WORK TASK: The material below holds the lines to copy: from the one with "Express S Blue/" up to and including the one with "Samsung SM-T555NZWAPHE Actualizar". Copy them exactly and skip the pictures.

*** DATA PROVIDED ***

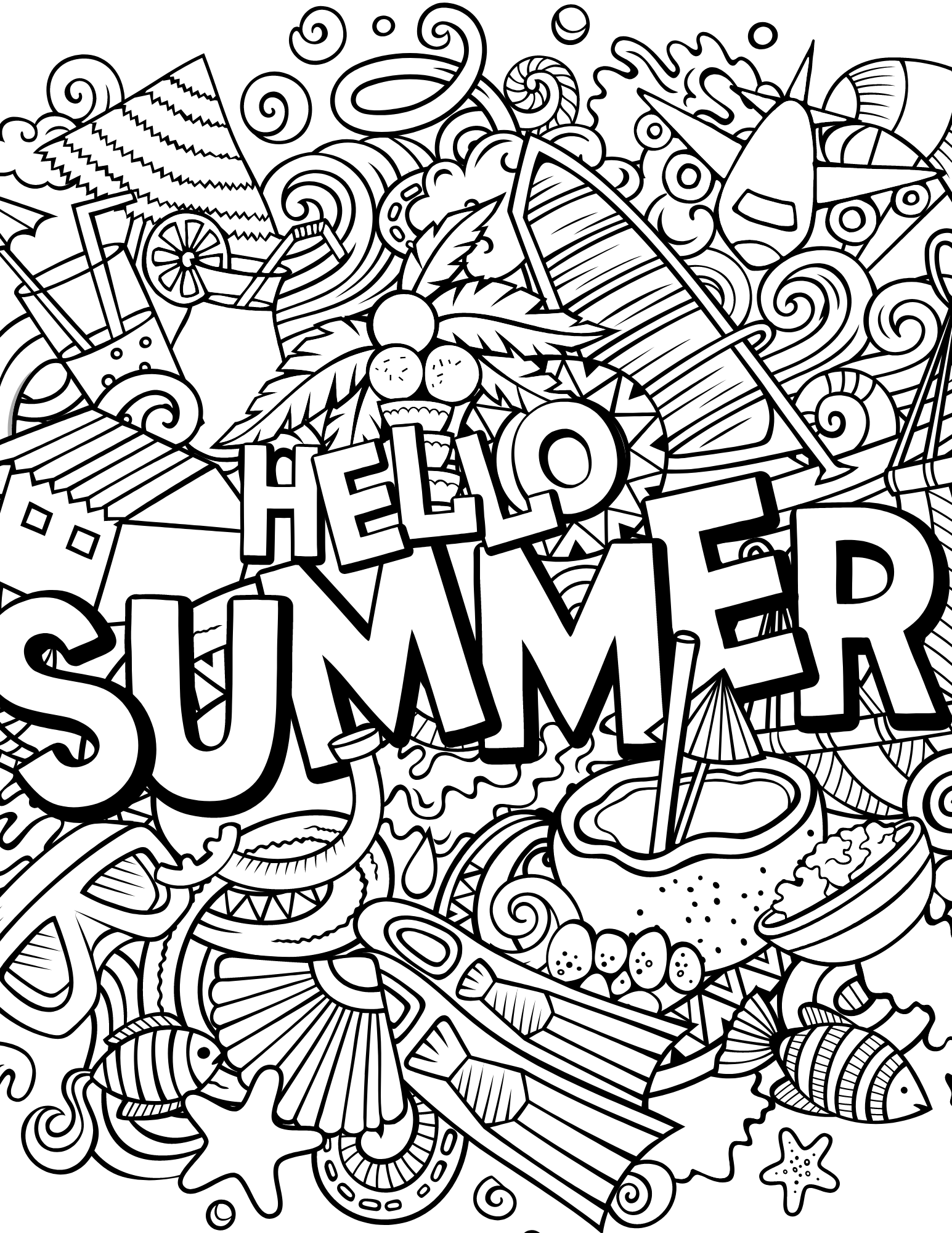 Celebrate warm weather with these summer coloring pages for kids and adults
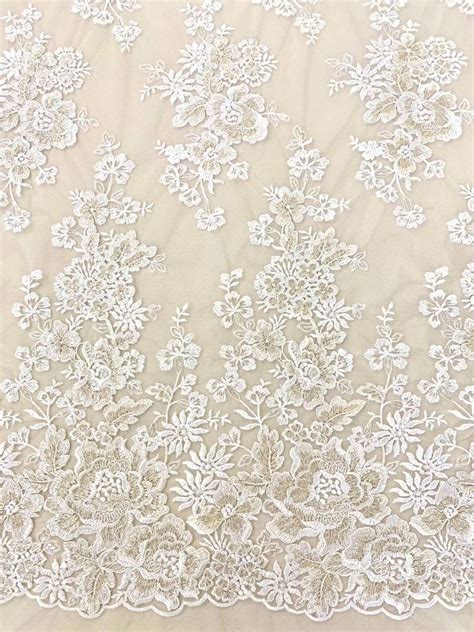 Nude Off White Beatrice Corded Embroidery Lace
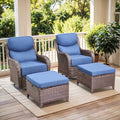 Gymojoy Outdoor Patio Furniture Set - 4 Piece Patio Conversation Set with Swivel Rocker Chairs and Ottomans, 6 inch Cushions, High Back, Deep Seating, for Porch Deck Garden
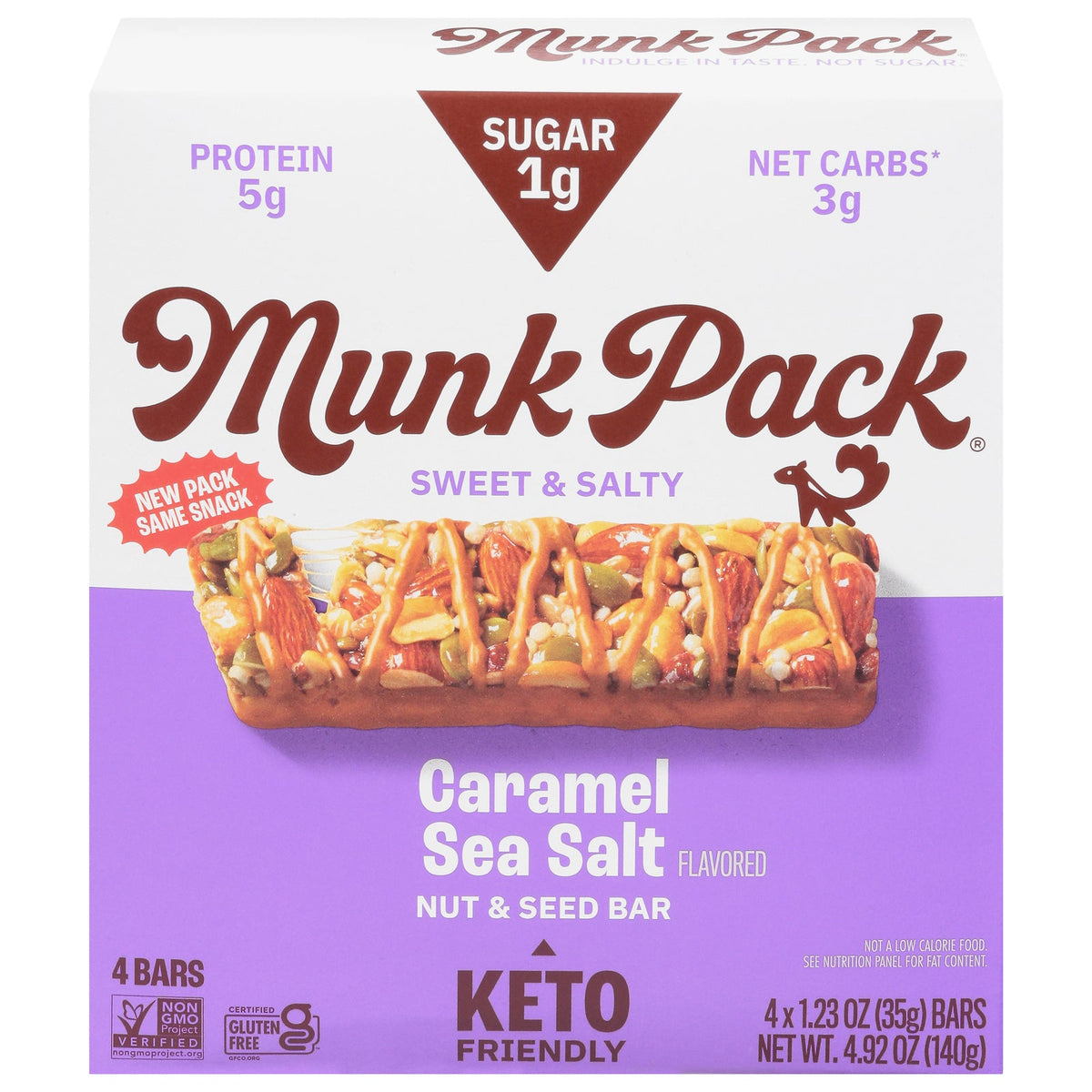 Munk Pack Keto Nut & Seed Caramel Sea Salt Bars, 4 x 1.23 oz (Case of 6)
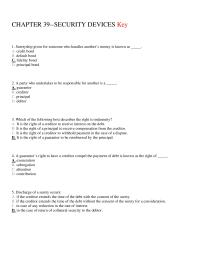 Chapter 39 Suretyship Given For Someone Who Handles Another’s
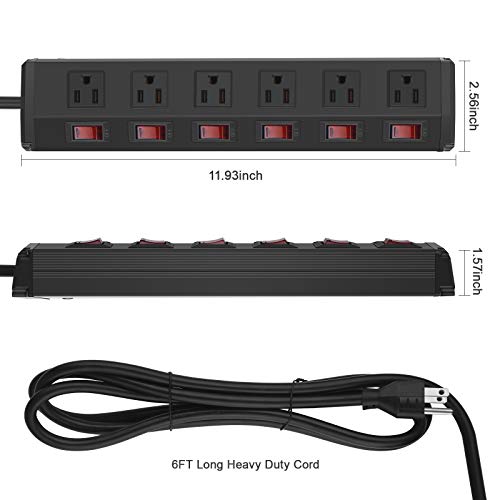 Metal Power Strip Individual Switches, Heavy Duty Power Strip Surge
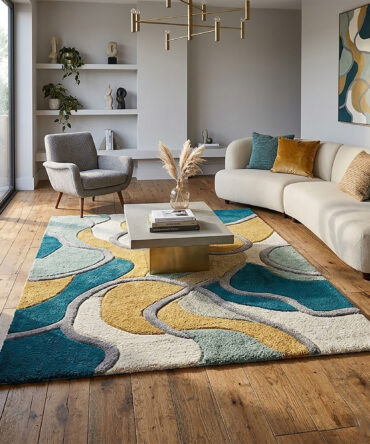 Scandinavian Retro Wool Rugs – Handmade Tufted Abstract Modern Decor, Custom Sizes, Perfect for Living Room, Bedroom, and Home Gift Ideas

*** End of DATA PROVIDED ***
*** DATA PROVIDED ***

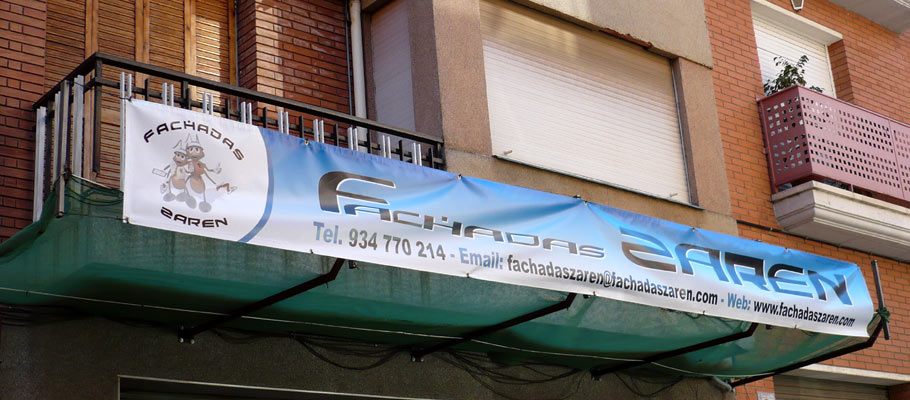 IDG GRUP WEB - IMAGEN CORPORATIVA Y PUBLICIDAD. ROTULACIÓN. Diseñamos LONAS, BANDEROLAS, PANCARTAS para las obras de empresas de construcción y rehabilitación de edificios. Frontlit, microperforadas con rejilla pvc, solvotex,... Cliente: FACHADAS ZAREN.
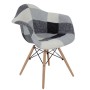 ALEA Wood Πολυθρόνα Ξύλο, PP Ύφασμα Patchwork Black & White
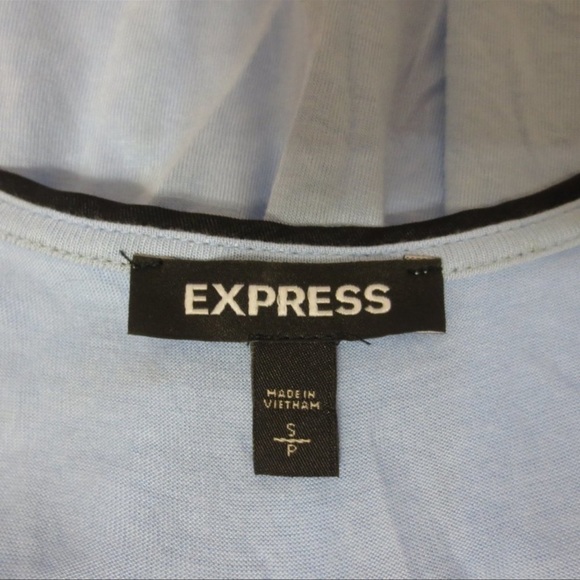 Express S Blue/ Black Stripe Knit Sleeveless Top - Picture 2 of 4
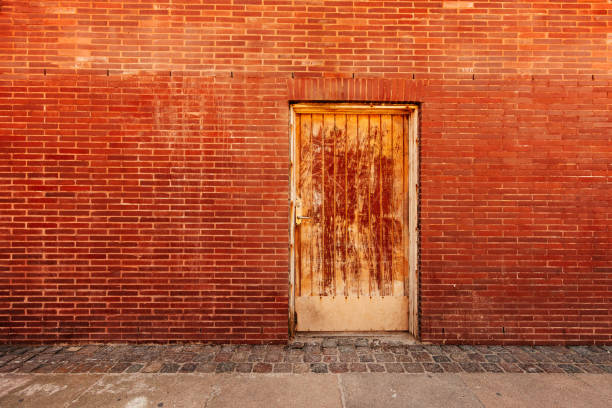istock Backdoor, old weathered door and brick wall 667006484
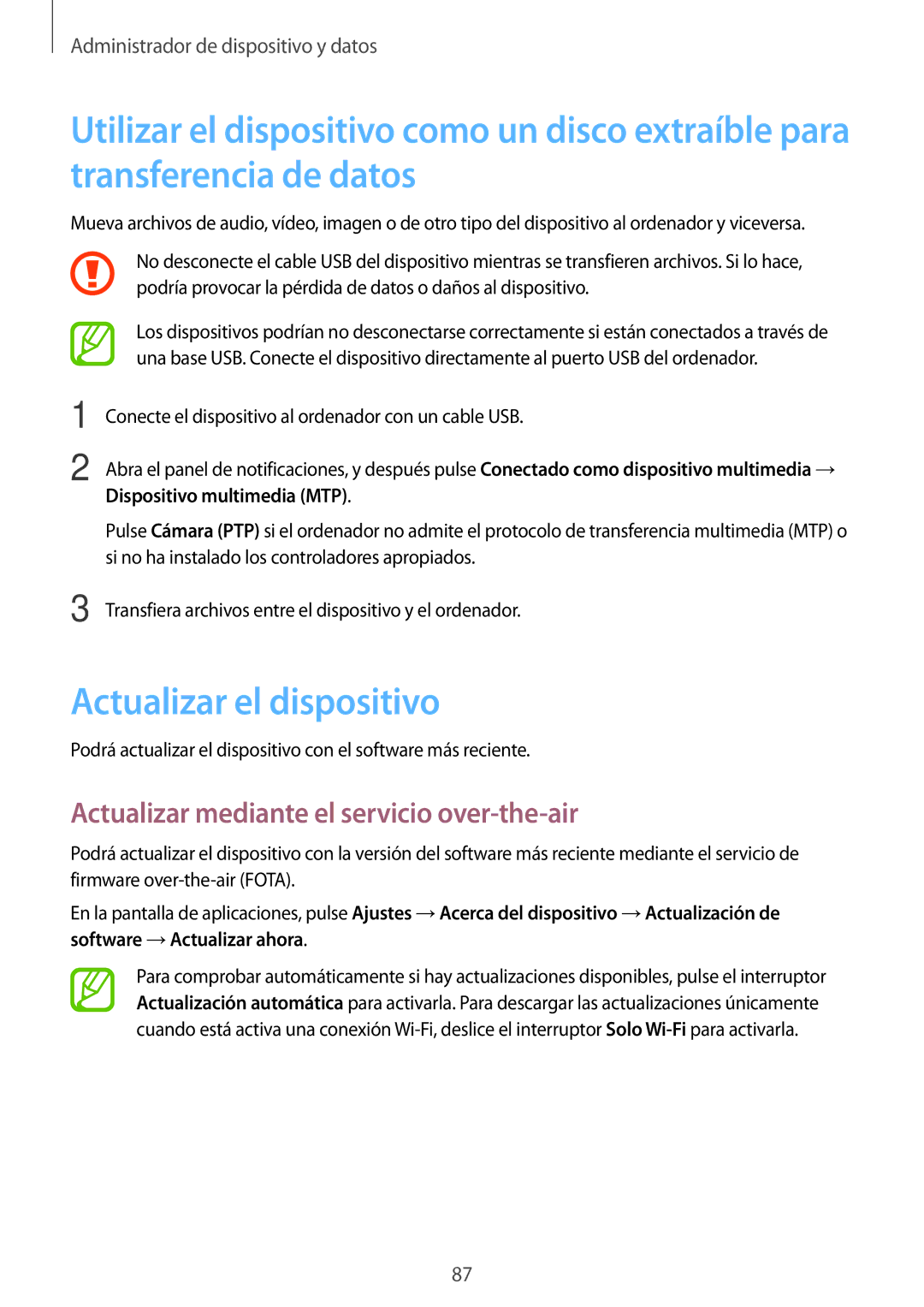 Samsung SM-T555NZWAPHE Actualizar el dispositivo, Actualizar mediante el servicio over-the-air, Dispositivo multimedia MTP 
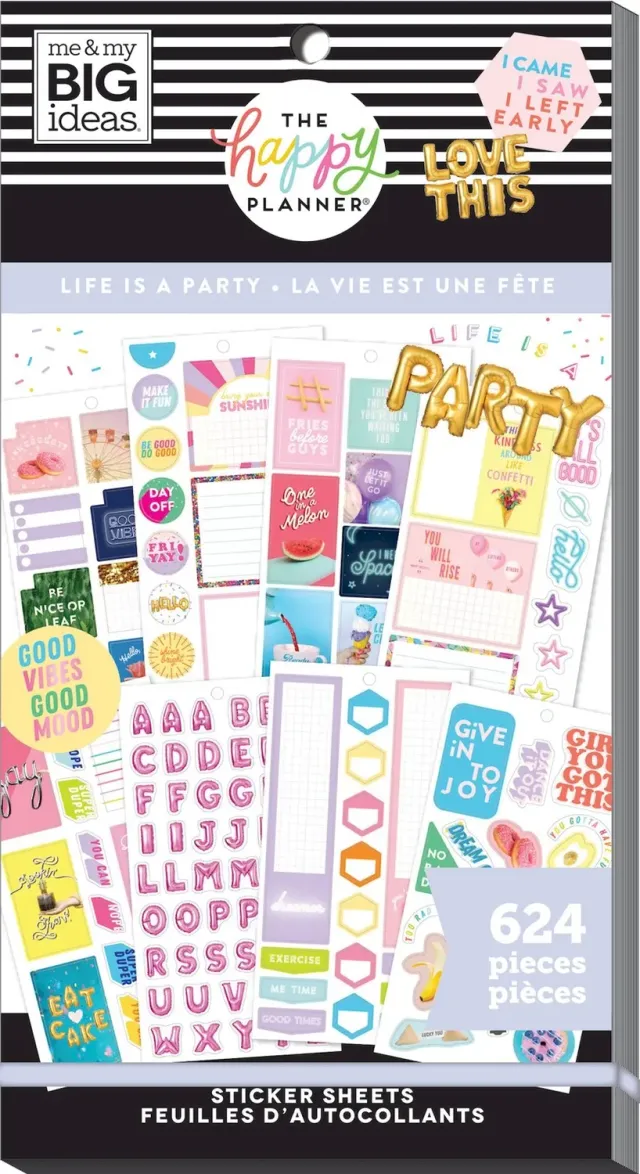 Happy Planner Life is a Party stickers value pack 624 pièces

*** End of DATA PROVIDED ***
*** DATA PROVIDED ***

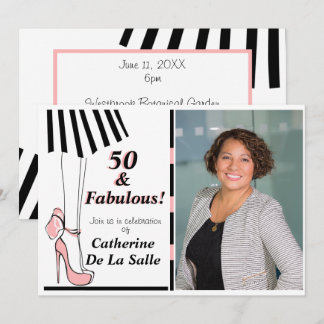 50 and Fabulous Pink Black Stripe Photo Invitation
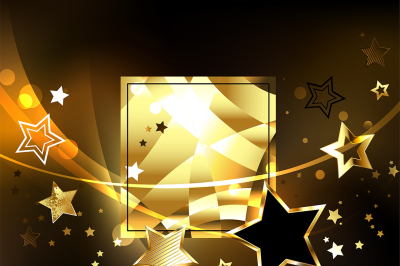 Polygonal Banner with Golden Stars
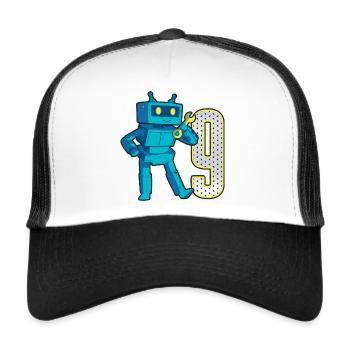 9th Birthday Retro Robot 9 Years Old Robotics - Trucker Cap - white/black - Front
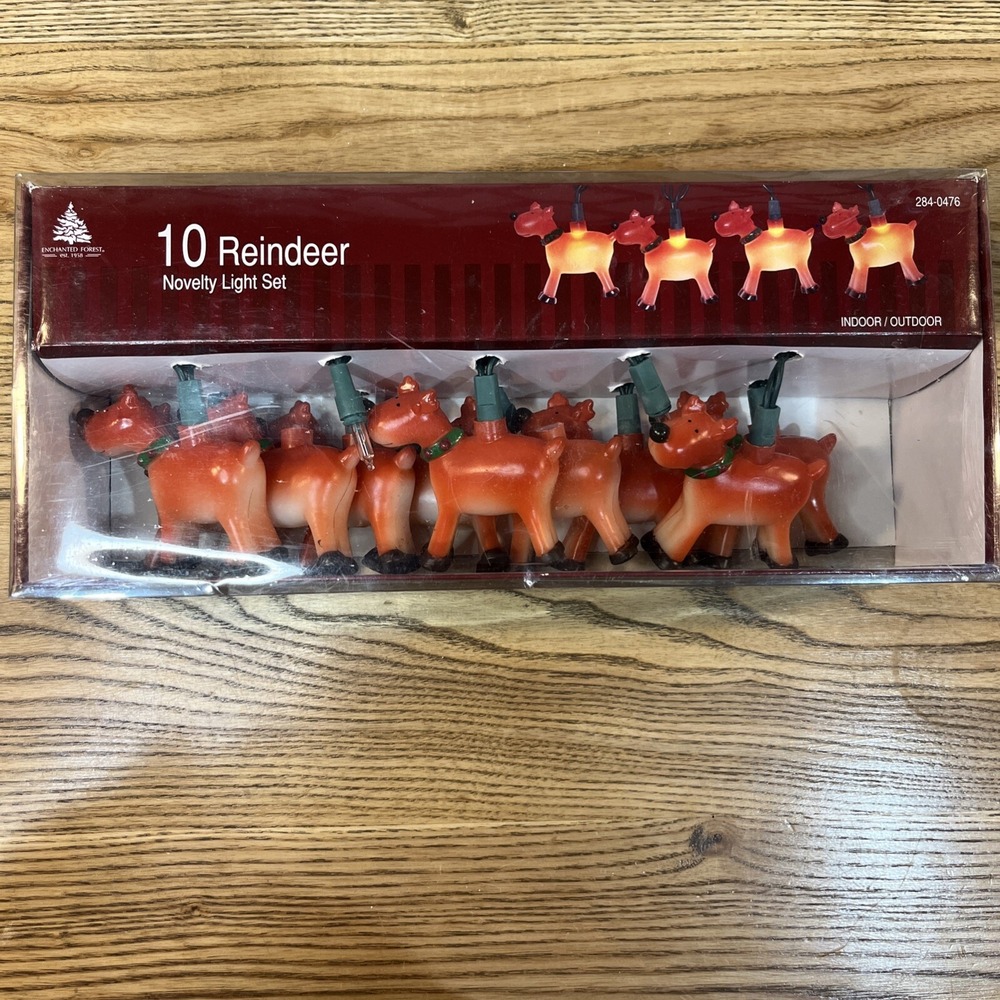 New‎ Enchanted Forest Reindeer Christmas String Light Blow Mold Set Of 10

*** End of DATA PROVIDED ***

SOLUTION TO THIS TASK:
 Express S Blue/ Black Stripe Knit Sleeveless Top - Picture 2 of 4
istock Backdoor, old weathered door and brick wall 667006484
 Samsung SM-T555NZWAPHE Actualizar el dispositivo, Actualizar mediante el servicio over-the-air, Dispositivo multimedia MTP 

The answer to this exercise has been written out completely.